**Data extract:**
++++++

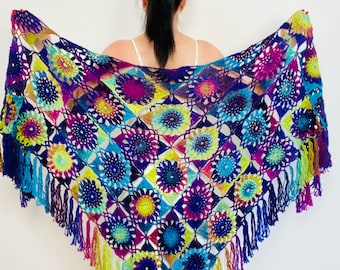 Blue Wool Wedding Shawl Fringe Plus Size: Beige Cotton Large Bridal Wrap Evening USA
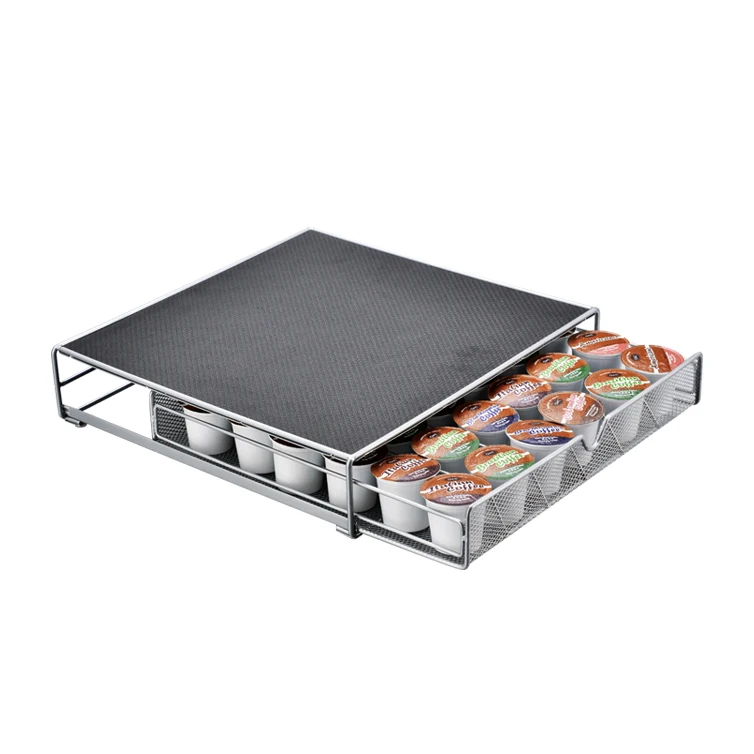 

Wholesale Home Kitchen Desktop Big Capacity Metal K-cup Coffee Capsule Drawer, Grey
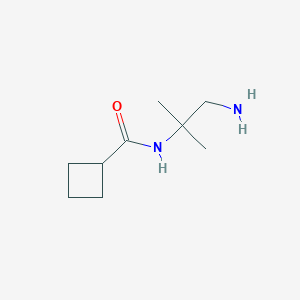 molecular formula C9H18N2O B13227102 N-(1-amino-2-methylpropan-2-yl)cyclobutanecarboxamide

++++++

Set down word for word, from the line that contains "Wholesale Home Kitchen" to the end of the listing above, every line and no picture.

**Solution for this problem:**
Wholesale Home Kitchen Desktop Big Capacity Metal K-cup Coffee Capsule Drawer, Grey
 molecular formula C9H18N2O B13227102 N-(1-amino-2-methylpropan-2-yl)cyclobutanecarboxamide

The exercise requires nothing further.